Merck in $1.3B showdown with insurers over 2017 ransomware attack — Bloomberg
When Merck was hit with a ransomware attack in 2017, the pharma giant was in fact just collateral damage from a virus Russia aimed at Ukraine, and the company is struggling to recoup its losses because its $1.75 billion insurance plan doesn’t cover acts of war.
Those are details from a richly reported Bloomberg News story out yesterday exploring how a geopolitical fight in Eastern Europe accidentally entangled a New Jersey-based pharmaceutical company and sparked lawsuits with major ramifications for the future of insurance and cybercrime.
Merck employees logging on to their computers on June 27, 2017 were greeted with a polite message in pink letters: “Ooops, your important files are encrypted. … We guarantee that you can recover all your files safely and easily. All you need to do is submit the payment.” The payment was $300 in bitcoin, per computer.

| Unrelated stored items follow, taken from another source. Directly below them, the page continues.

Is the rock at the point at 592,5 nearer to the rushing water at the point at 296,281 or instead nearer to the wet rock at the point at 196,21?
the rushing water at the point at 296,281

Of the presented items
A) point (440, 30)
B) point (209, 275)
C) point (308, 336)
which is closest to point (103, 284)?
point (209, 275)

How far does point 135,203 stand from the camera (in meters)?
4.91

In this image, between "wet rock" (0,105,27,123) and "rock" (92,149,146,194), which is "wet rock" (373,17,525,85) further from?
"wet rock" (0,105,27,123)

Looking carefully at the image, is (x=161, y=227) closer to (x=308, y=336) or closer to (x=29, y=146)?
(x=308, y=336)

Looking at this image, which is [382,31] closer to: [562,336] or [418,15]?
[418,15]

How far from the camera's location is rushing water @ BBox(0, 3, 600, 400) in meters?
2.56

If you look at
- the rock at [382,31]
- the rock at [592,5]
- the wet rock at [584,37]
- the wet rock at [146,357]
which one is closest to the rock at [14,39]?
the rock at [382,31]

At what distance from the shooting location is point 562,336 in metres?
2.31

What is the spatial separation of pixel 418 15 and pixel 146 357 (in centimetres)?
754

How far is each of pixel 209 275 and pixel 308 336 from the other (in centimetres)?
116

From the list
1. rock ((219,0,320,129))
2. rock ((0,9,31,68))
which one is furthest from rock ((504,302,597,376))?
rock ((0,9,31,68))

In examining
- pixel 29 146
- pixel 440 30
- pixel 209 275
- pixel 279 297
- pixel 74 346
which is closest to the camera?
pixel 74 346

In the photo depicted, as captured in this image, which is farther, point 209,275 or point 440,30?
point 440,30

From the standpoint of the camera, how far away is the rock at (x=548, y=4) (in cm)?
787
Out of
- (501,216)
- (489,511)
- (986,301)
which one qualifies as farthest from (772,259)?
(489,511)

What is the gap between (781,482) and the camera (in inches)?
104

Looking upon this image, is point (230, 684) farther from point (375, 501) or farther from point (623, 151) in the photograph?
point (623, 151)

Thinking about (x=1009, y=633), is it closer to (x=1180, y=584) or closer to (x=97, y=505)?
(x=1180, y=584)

Early on, it was clear that Merck was one victim of a global attack that also hit Danish shipping company Maersk, American food company Mondelez, French construction giant Saint-Gobain and even the systems monitoring the Chernobyl nuclear power stations, among others.
Unlike Chernobyl, though, it appears that Merck was not an intended target. The attack was dubbed NotPetya, a creation of the GRU Russian military intelligence agency (the same one that attacked the Democratic National Committee), and it was designed to strike companies and agencies in Ukraine, a country that had been in conflict with Russia since 2014. But, per Bloomberg, NotPetya contaminated a tax software application, M.E.Doc, that was running on a server in Merck’s Ukraine office.

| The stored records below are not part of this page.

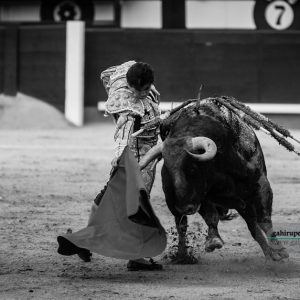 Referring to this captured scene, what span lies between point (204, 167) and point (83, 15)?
9.09 metres

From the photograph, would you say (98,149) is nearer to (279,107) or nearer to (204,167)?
(279,107)

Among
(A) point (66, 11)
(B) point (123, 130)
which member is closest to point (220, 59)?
(A) point (66, 11)

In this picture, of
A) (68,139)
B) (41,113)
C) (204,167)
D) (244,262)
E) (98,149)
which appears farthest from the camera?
(41,113)

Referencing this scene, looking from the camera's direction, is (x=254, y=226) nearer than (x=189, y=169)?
No

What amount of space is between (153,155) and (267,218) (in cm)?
63

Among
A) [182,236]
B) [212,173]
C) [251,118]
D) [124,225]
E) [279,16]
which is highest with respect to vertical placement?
[279,16]

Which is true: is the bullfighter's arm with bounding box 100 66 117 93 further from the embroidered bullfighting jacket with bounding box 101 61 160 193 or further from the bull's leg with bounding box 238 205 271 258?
the bull's leg with bounding box 238 205 271 258

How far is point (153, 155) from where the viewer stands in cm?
427

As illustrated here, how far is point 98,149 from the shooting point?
9.65 meters

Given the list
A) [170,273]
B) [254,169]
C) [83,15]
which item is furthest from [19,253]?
[83,15]

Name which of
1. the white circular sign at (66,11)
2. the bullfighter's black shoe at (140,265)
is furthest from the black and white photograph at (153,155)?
the white circular sign at (66,11)

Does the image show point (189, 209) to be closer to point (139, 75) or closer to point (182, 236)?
point (182, 236)

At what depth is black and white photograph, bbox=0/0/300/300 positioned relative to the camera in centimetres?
410

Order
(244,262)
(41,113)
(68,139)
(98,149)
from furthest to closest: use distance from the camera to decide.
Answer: (41,113) → (68,139) → (98,149) → (244,262) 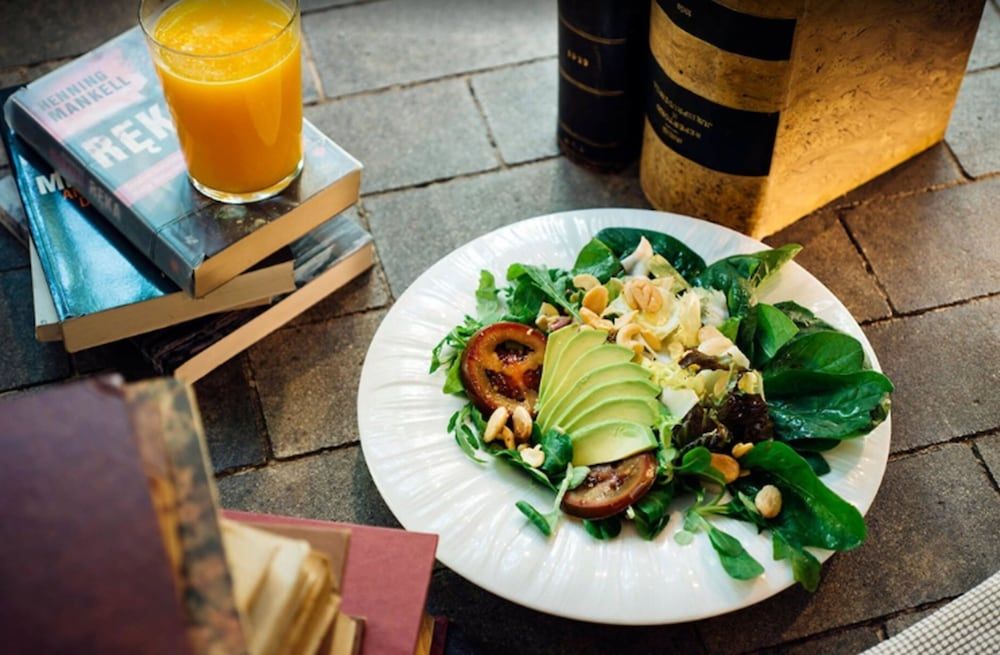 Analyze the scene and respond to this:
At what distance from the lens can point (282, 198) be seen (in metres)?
1.27

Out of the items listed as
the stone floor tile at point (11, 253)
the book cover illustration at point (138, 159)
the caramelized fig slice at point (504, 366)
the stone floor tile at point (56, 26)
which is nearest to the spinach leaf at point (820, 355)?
the caramelized fig slice at point (504, 366)

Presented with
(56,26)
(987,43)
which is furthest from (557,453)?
(56,26)

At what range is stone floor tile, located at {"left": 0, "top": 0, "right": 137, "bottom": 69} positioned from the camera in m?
1.68

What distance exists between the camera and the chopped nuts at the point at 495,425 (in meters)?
1.07

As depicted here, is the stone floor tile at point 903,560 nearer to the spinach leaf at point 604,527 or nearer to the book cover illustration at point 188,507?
the spinach leaf at point 604,527

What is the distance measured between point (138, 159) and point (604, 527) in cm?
68

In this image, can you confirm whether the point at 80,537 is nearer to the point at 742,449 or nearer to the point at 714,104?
the point at 742,449

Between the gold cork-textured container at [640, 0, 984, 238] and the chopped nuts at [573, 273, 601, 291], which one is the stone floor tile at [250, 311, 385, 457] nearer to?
the chopped nuts at [573, 273, 601, 291]

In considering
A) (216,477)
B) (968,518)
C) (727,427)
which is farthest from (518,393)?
(968,518)

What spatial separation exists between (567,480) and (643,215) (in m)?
0.38

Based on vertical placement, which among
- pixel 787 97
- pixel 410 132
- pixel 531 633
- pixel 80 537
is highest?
pixel 80 537

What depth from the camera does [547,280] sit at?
1192mm

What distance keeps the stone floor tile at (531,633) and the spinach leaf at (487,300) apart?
29cm

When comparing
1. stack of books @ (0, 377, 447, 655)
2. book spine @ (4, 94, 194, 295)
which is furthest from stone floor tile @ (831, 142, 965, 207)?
stack of books @ (0, 377, 447, 655) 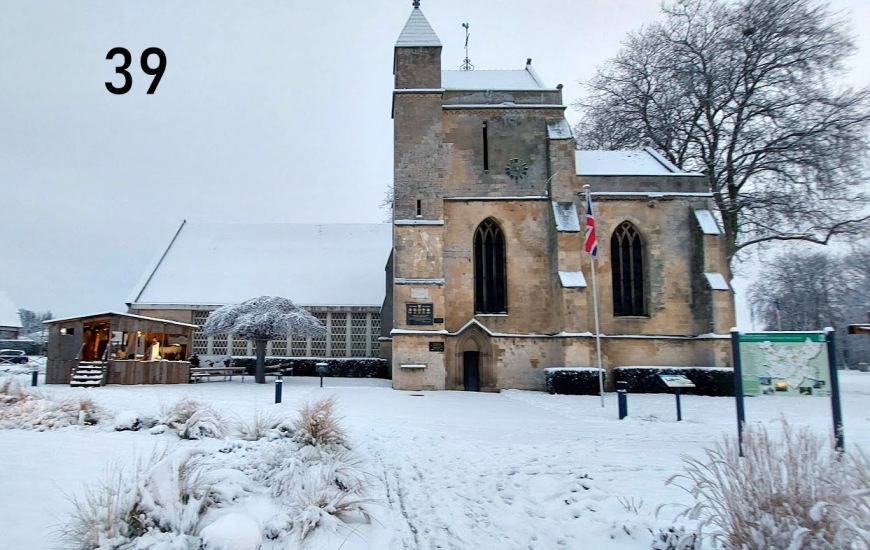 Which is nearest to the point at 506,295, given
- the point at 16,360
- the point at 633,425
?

From there, it spread to the pharma giant’s headquarters, where it would eliminate — in some cases — years of research, cripple Gardisal 9 production facilities and eventually cause (by Merck’s estimate) $1.3 billion in damages. Merck, though, had a property insurance plan worth up to $1.75 billion that covered computer data, coding and software (after a $150 million deductible). But when Merck went to activate the plan, most of their 30 insurers rejected them. Your plan doesn’t cover damages from military action, they told “shocked” Merck officials.

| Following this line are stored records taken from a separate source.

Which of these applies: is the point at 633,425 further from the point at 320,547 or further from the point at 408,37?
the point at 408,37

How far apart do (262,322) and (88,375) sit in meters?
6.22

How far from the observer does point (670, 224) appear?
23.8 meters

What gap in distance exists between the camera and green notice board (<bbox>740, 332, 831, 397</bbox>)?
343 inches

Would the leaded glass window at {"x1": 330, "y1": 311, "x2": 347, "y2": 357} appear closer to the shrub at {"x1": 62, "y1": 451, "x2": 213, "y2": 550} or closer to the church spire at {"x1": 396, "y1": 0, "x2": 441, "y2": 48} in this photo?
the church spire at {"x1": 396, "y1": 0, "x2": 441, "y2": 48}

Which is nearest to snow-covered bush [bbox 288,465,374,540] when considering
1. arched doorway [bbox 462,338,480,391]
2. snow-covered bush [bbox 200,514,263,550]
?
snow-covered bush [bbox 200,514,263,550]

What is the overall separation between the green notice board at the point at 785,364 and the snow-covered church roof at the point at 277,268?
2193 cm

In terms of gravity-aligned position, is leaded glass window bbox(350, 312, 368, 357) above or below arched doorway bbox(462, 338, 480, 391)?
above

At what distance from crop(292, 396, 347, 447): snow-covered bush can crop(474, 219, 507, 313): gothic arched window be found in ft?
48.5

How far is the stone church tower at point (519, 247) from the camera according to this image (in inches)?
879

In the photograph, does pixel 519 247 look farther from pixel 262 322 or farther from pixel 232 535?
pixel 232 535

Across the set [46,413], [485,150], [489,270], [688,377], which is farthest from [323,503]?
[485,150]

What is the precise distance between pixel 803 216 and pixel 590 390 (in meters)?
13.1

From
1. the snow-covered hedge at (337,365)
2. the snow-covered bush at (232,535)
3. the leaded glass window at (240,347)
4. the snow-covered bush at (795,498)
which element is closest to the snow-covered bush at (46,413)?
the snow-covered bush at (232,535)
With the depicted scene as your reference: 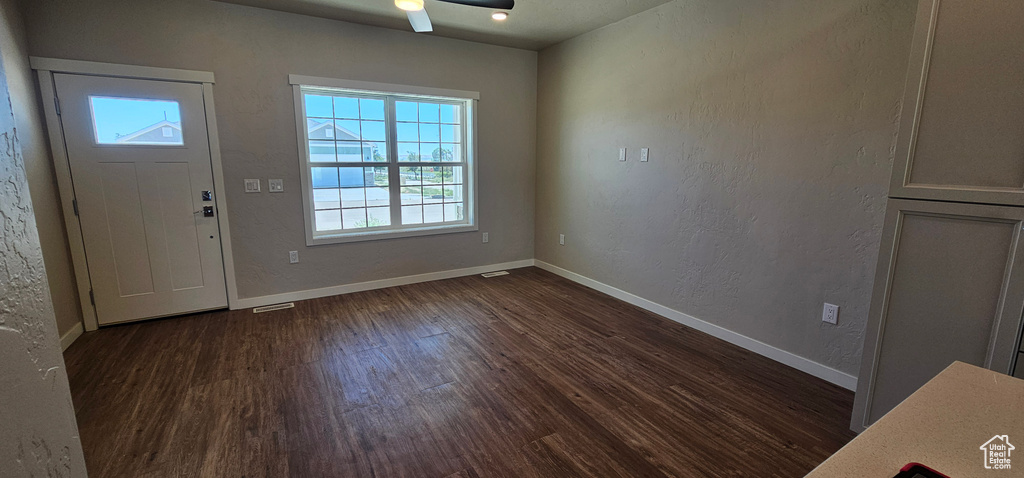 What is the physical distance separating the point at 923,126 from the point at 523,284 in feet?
11.1

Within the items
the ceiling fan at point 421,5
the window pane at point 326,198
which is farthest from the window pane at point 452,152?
the ceiling fan at point 421,5

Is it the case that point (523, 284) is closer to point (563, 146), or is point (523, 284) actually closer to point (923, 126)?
point (563, 146)

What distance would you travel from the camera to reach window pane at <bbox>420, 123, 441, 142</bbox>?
177 inches

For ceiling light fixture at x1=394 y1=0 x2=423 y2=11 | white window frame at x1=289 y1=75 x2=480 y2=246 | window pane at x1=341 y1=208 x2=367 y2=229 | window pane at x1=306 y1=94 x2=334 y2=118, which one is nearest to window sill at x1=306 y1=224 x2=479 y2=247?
white window frame at x1=289 y1=75 x2=480 y2=246

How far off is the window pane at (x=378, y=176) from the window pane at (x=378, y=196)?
0.05 meters

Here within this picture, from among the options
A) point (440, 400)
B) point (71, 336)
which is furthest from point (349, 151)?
point (440, 400)

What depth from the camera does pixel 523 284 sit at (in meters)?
4.54

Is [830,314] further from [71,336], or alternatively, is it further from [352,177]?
[71,336]

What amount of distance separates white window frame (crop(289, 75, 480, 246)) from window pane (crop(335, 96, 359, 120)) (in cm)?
7

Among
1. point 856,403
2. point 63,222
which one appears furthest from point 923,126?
A: point 63,222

What followed were, not surprisingly, a string of lawsuits, with Merck claiming that it was hit by a cyber — not a military — event. These lawsuits, Bloomberg reports, are being watched for the precedents they may set around how future cybercrime is classified.
The insurers are trying to prove two things: that the attack really did come from Russia and that Merck was not as vigilant as it could have been in protecting their data. Merck, as Endpoints News reported shortly after the attack, had missed two opportunities to inoculate themselves against the virus before they were struck.
On Russia, the insurers have gotten a hand from the White House. Last year, the Trump Administration wrote without equivocation that the attack “was part of the Kremlin’s ongoing effort to destabilize Ukraine and demonstrates ever more clearly Russia’s involvement in the ongoing conflict.”
“When the president of the United States comes out and says, ‘It’s Russia,’ it’s going to be hard to fight,” Jake Williams, a former National Security Agency hacker who now helps companies hunt for vulnerabilities in their computer networks, told Bloomberg. “I’ll be surprised if the insurance companies don’t get a win. This is as solid a case as they’re going to get.”
But some legal experts expressed greater skepticism of the insurers’ case. All signs may point to Russian culpability but when it comes to cyber, it’s not clear what military action means.
“It’s not going to be an easy case for a judge in the U.S. to declare that this was an act of war,” Catherine Lotrionte, a former CIA lawyer who’s taught at Georgetown University, told Bloomberg.